Bringing operational policy into focus(2)
KFRS's acknowledgment that it needs to adapt its traditional but resource-hungry 'one size fits all' approach to dealing with incidents is at the heart of a fundamental review of its operational response.
The Operational Capability Review follows a three-year period of intense change for Kent, which started with the emergency response provision review in 2008. This looked at how many appliances are needed on a day-to-day basis and in a major emergency.
Running alongside this was the move from the former retained system to contractual on call hours, which better aligned staff availability to local risk. The next logical step was to underpin these changes with a review which sought to ensure that Kent has the right operational equipment and vehicles to manage and respond to the county's demands.

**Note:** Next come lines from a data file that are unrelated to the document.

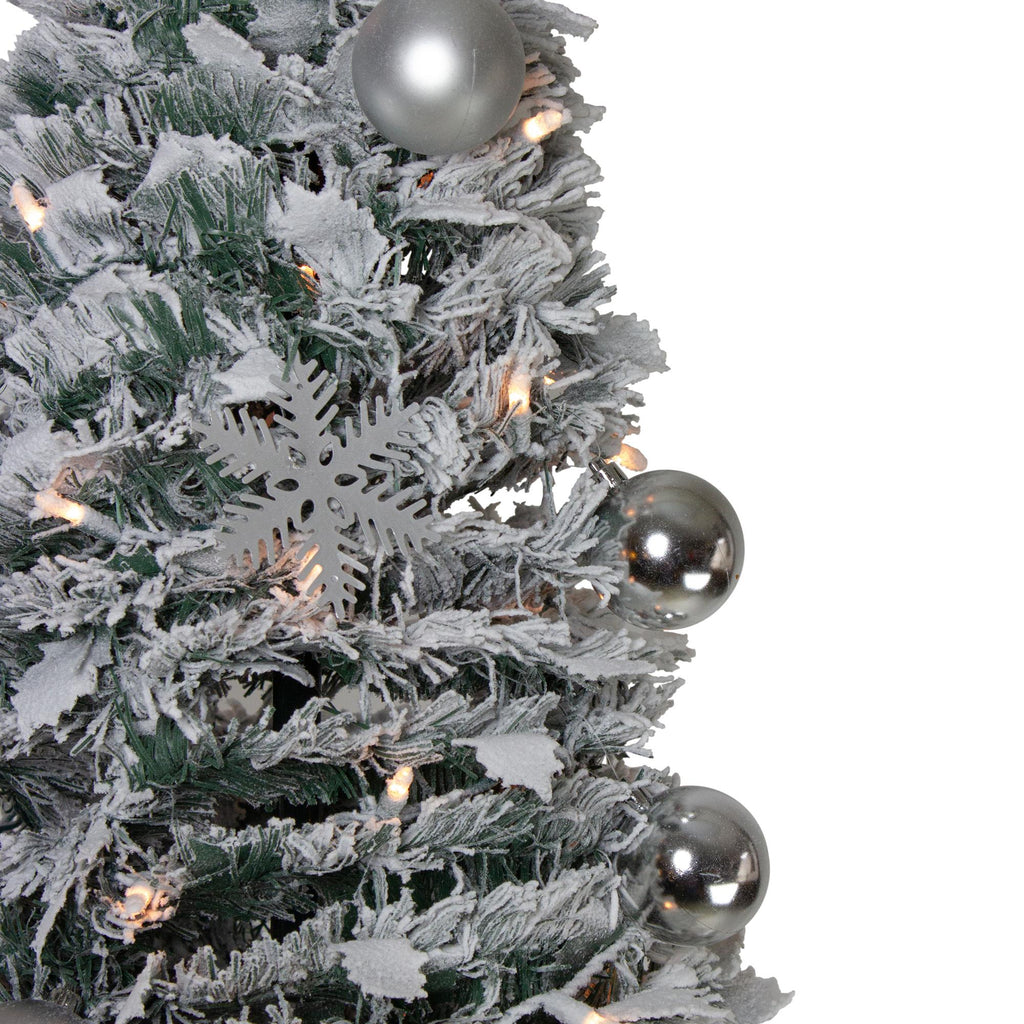 6' Pre-Lit Silver Tinsel Pop-Up Artificial Christmas Tree - Clear Lights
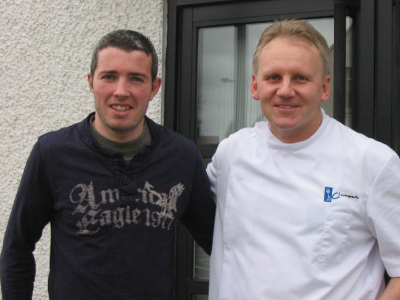 Professional footballer Kevin McNaughton (Cardiff City) and Rainer Wieser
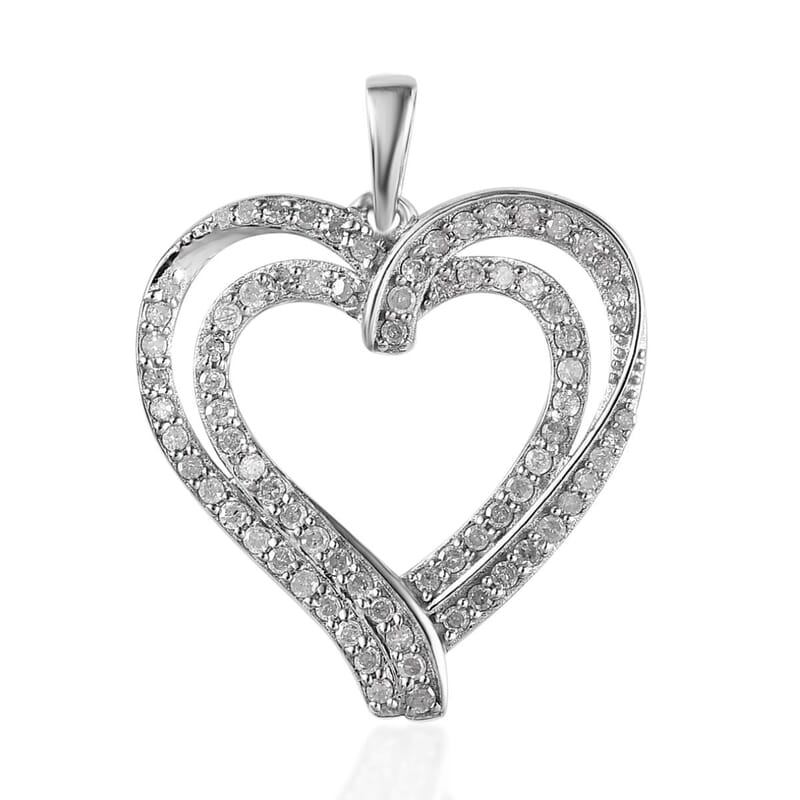 White Diamond Heart Pendant in Rhodium Over Sterling Silver 0.75 ctw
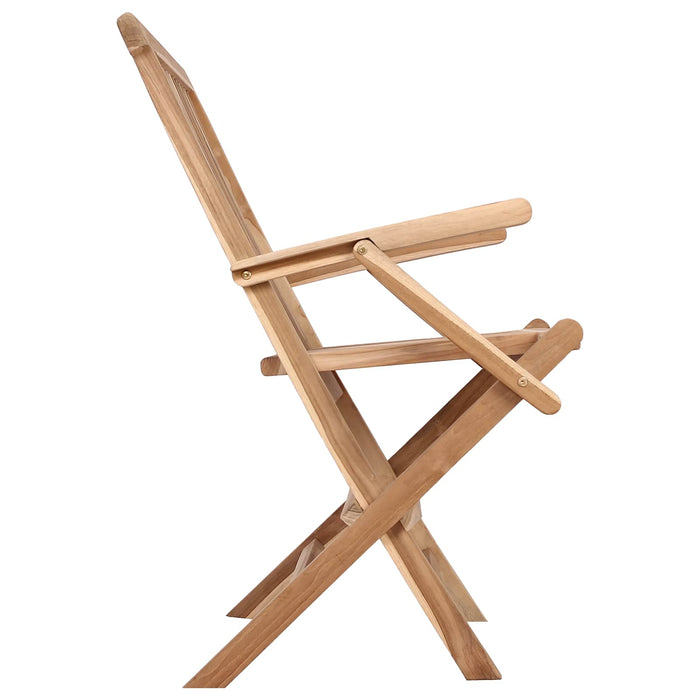Scaun de grădină pliant 2 buc. natural Lemn solid de tec - WALTI WALTI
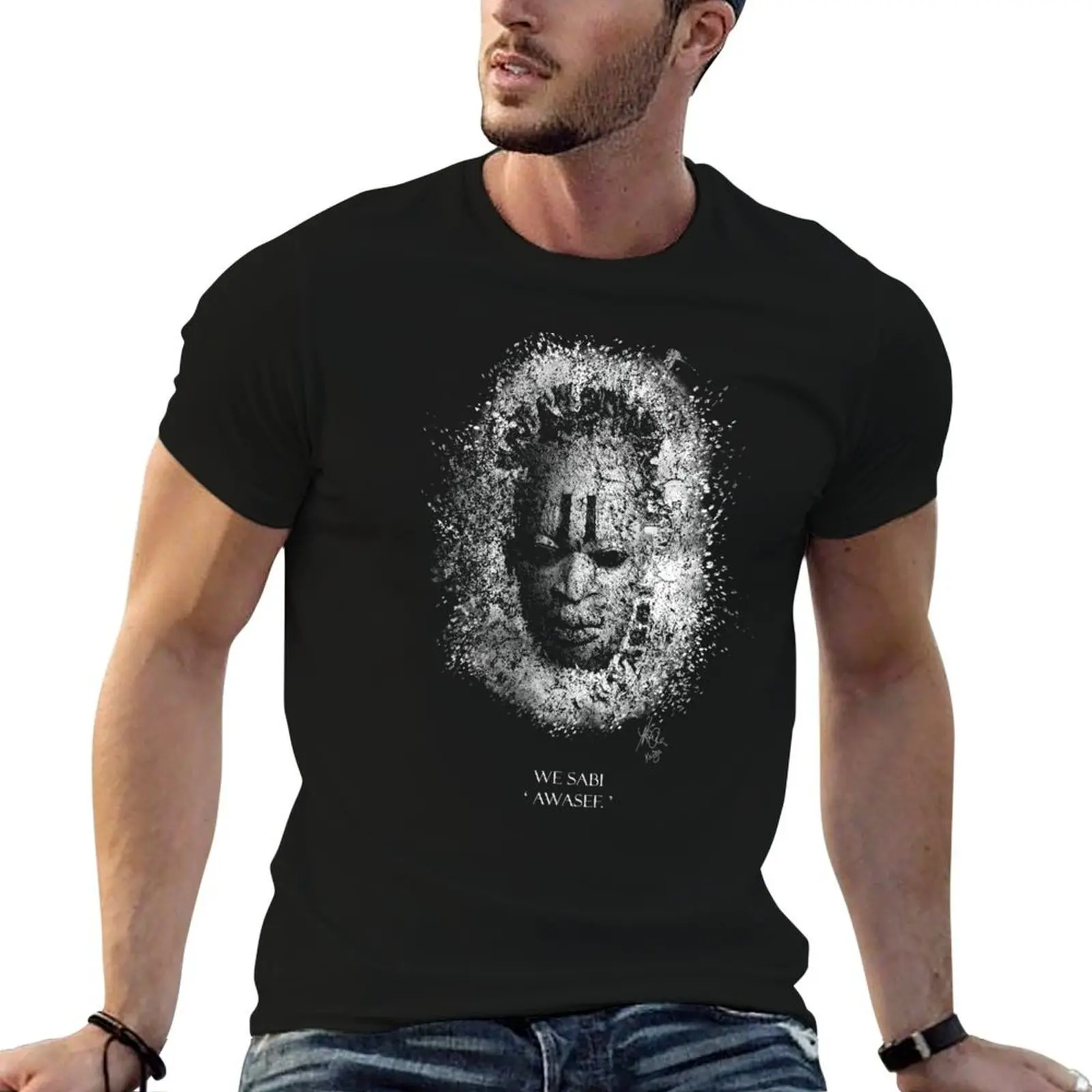 

Mask on dark background with text in pidgin T-Shirt man tshirt t shirt man luxury T-Shirt
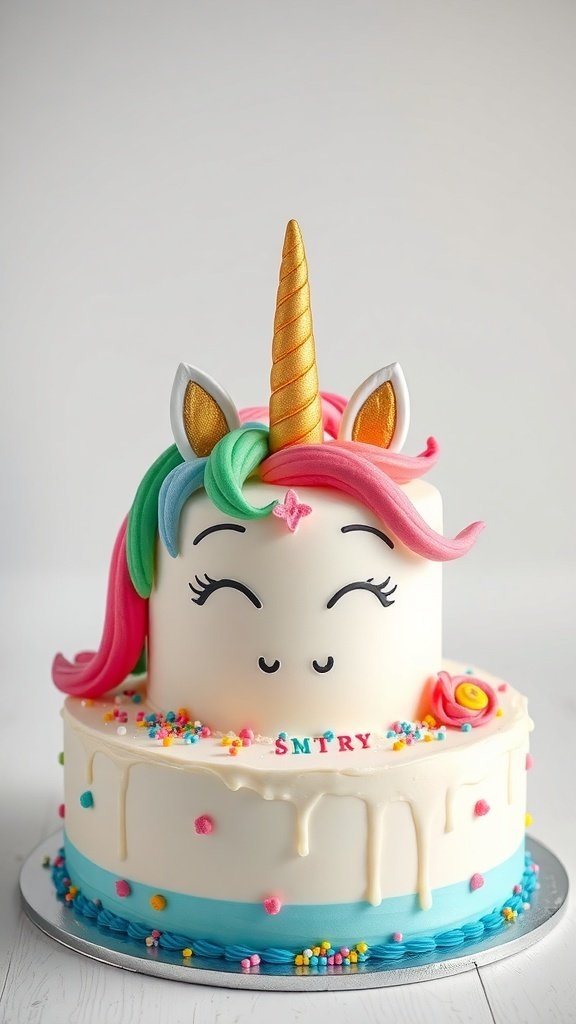 A whimsical unicorn cake with a golden horn, colorful mane, and sprinkles.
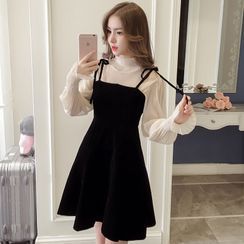 Meowko - Long-Sleeve Mock-Neck Chiffon Top / Spaghetti Strap A-Line Pinafore Dress / Set Meowko - Long-Sleeve Mock-Neck Chiffon Top / Spaghetti Strap A-Line Pinafore Dress / Set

Leading the project is Head of Operations Chris Colgan. He said: "The emergency cover and retained to on call reviews have presented an ideal opportunity for Kent to focus on its operational fleet and how we can work more efficiently to make the best use of our resources. However, in order to do this we now need to challenge the way we use both our staff and our equipment to establish the best way to deal with an incident, as well as what equipment and staff are required and where the equipment is best positioned.
"At the moment Kent has a traditional approach to operational response, using its fleet of fire engines to respond to the majority of incidents in a 'one size fits all' model, supported by special appliances which are used at more complex incidents. While this was beneficial to achieving regional interoperability and standardisation, it has the disadvantage of tying up life saving equipment at the majority of incidents regardless of whether they are needed or not."

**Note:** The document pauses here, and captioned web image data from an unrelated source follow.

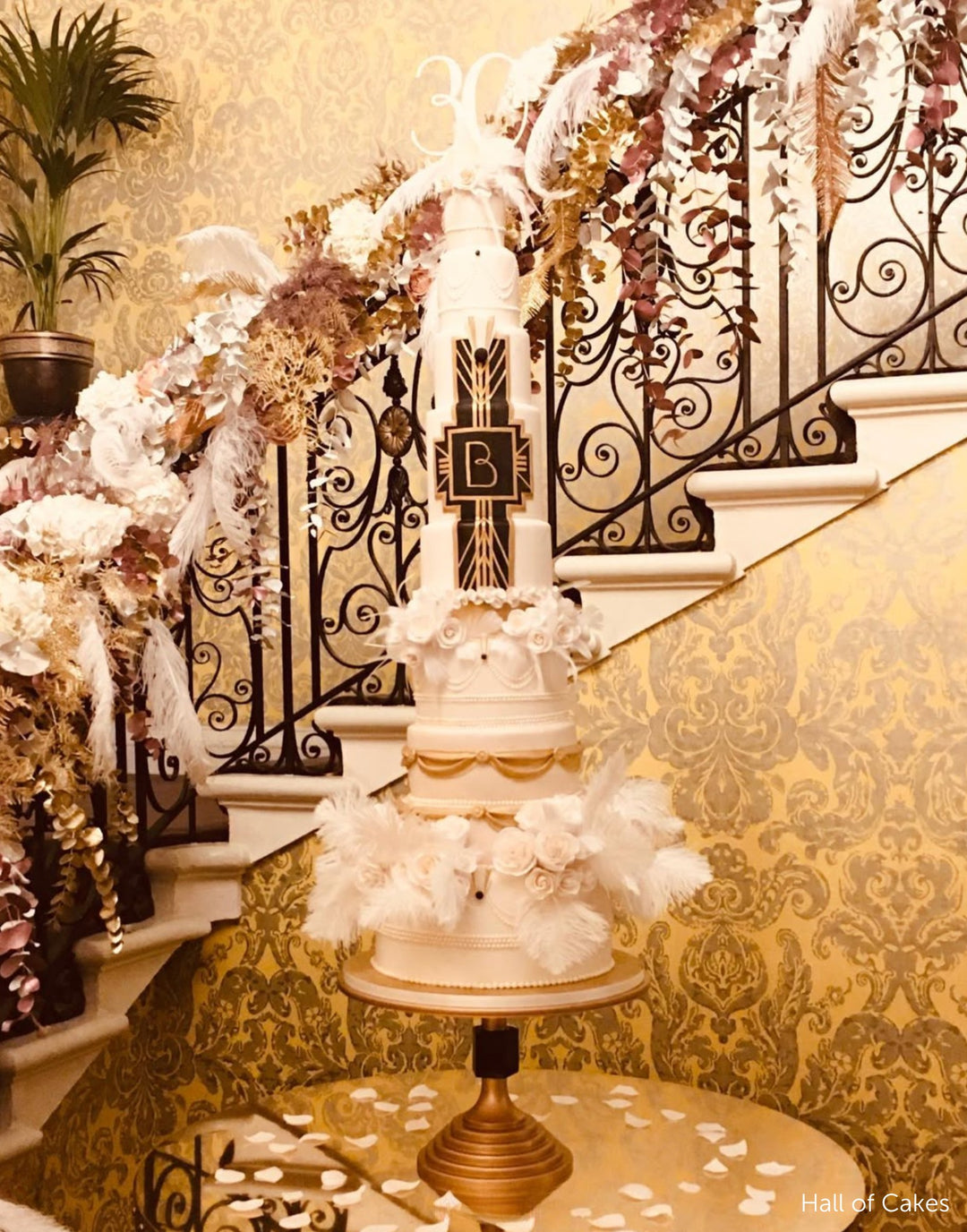 Ten-tier Great Gatsby gold and black cake stand made by Prop Options for Hall of Cakes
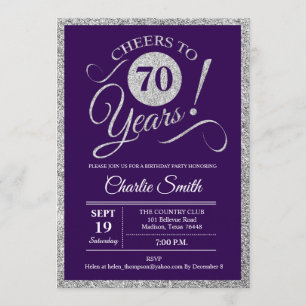 70th Birthday Party - Silver Purple ANY YEAR Invitation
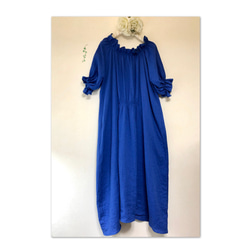 寬鬆粗獷的舒適度❤️ 荷葉邊抽褶長裙❤️ 蓬鬆雙層紗布❤️ 寶藍色❤️ 顏色多變 第3張的照片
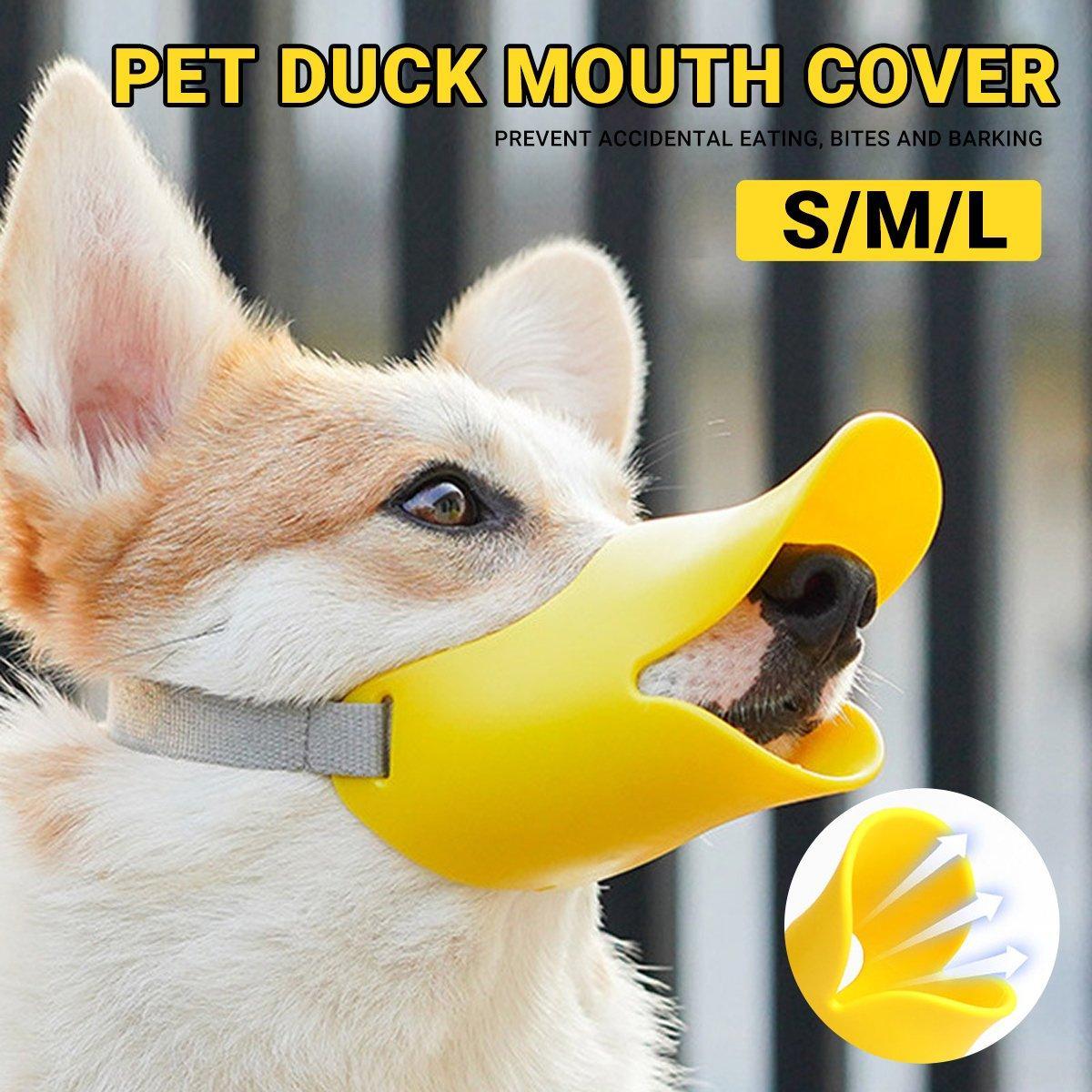 V528-DOG-MUZZLE-M-531342-202510010427-00 Comfortable Silicone Dog Muzzle Anti-Bite Soft Duck Muzzle Pet Training Supplies - M - Image 1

He added: "As the service has taken steps to base the number of appliances and their location to the profile of an area, it now makes sense to move towards this approach in terms of equipment and special appliances. So, rather than equip all areas with the same resources, look at what's needed within an area. It is about fundamental assessment of what staff and equipment are needed to deal with an incident, how it should be used, how it is transported to an incident and where it is based."
Challenging Current Procedures
In broad terms the review will look at challenging current policies and procedures to assess whether they are fit for purpose; it will identify where KFRS could improve operational capability and how incidents are dealt with; it will make an assessment of whether Kent is using its current kit to its full potential. It will also examine the possibility of collaboration with other agencies as well as looking at new innovative ways of meeting operational requirements.

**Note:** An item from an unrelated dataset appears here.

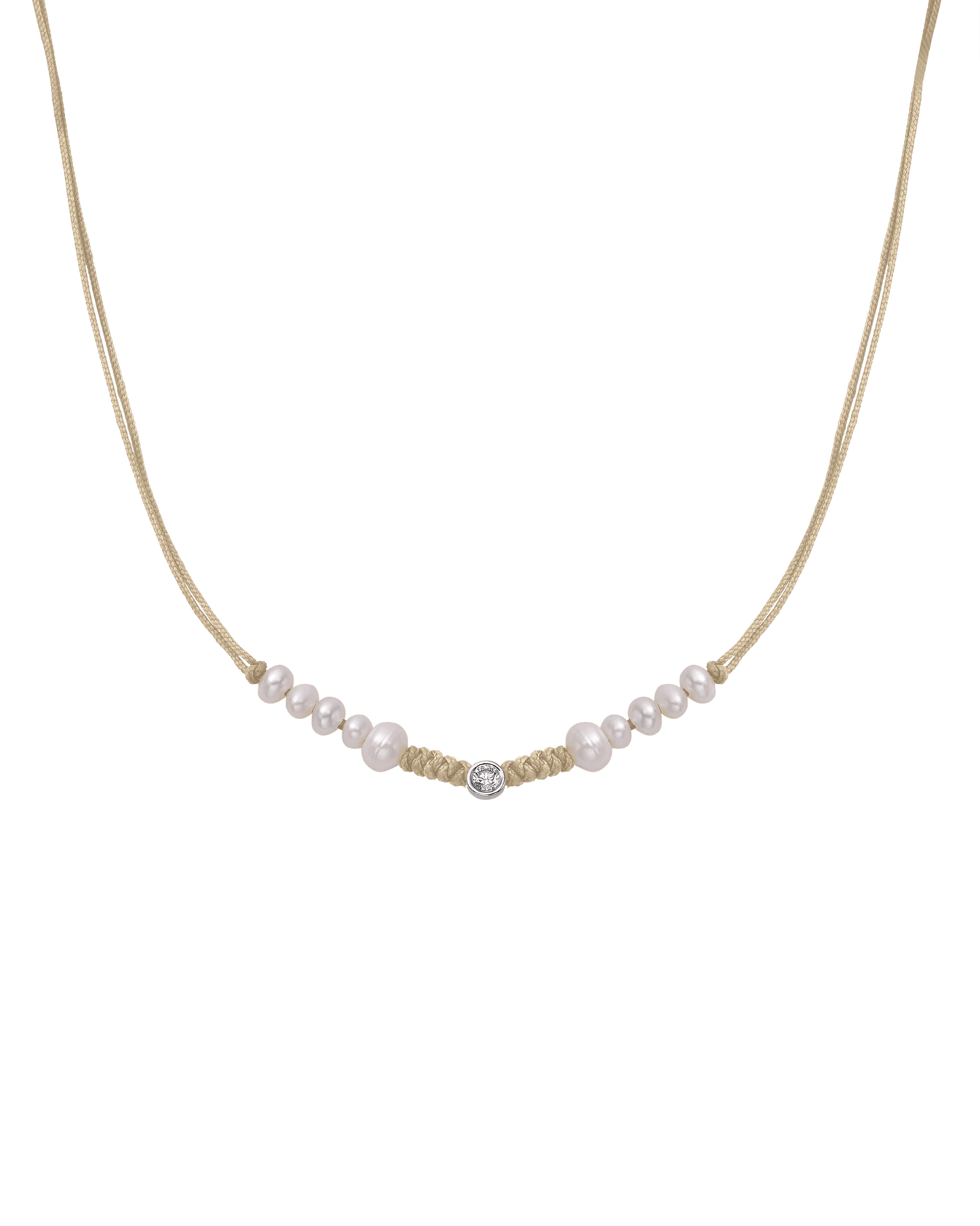 Ten Natural Pearl String of Love Necklace - 14K White Gold Necklaces 14K Solid Gold Beige Large: 0.1ct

Chris added: "Kent's review of its operational policies and procedures has clear links with local, regional and national projects, such as regional ways of working which aims to develop a set of Standard Operation Procedures for national incident types. As both the review of Operational Capability and ways of working are looking at how emergency incidents are dealt with, it is inevitable there will be considerable links between the two projects. Fundamentally however, there is also a clear distinction between the two − ways of working looks at what is being done now while our review is looking at what we could do in the future and how we can do it."
As part of the review Kent is looking at trialling a number of new initiatives, including a Multi Role All Wheel Drive (AWD) vehicle and All Terrain Vehicles (ATV) that feature fire fogging units designed to fight woodland and grassland fires. KFRS is also piloting the use of Cobra cold cut equipment which is capable of piercing steel, and has seen the introduction of the Drager PSS 700, a self contained breathing apparatus set fitted with a electronic monitoring unit.